> _Dataset extract_:
——

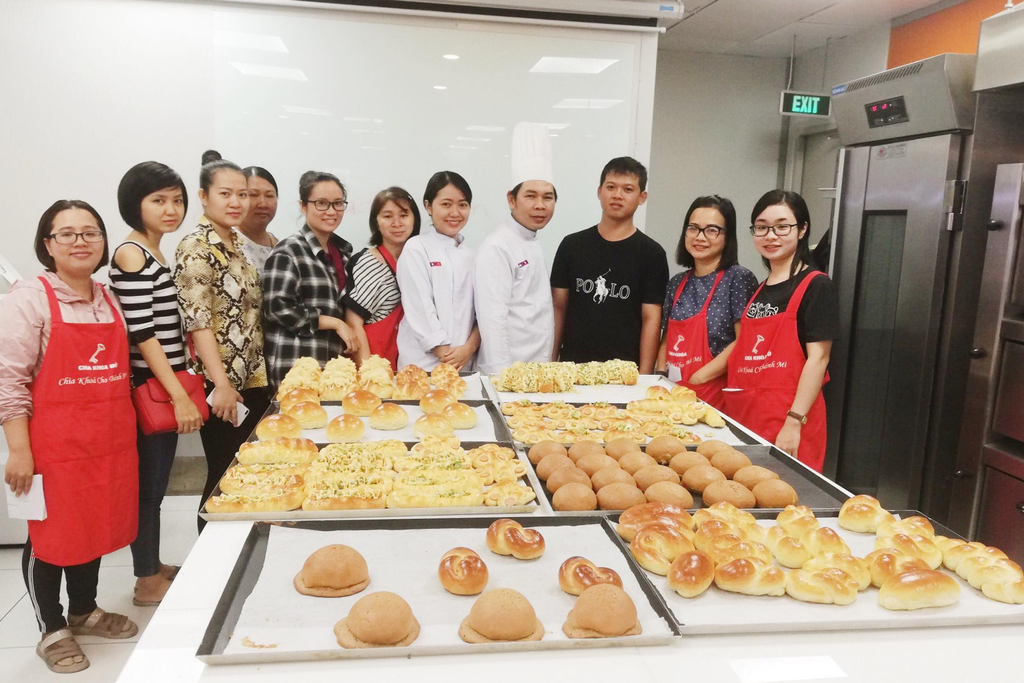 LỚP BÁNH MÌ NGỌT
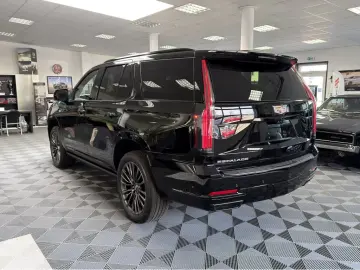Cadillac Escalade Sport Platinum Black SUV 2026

——

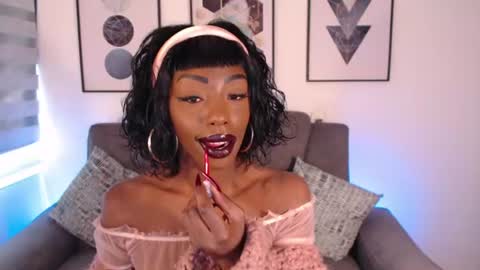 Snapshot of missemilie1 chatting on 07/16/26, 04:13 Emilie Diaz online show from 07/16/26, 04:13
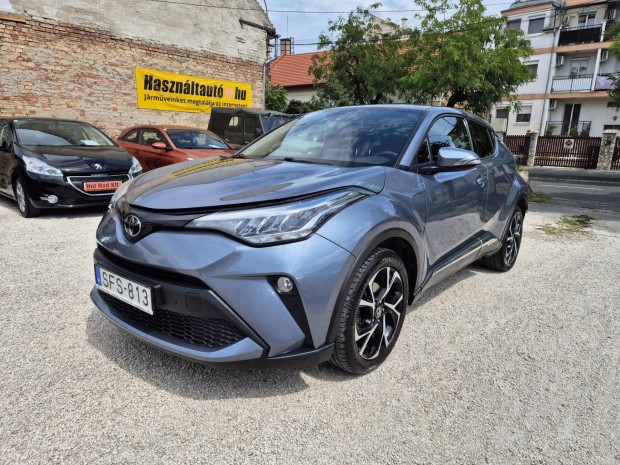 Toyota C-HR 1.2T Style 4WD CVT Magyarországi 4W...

——

> _Problem requirements_: Give again, exactly as written above, each line from the one that has "LỚP BÁNH MÌ NGỌT" to the one that has "Cadillac Escalade Sport", both included; omit the pictures.

> _Solution below_:
 LỚP BÁNH MÌ NGỌT
Cadillac Escalade Sport Platinum Black SUV 2026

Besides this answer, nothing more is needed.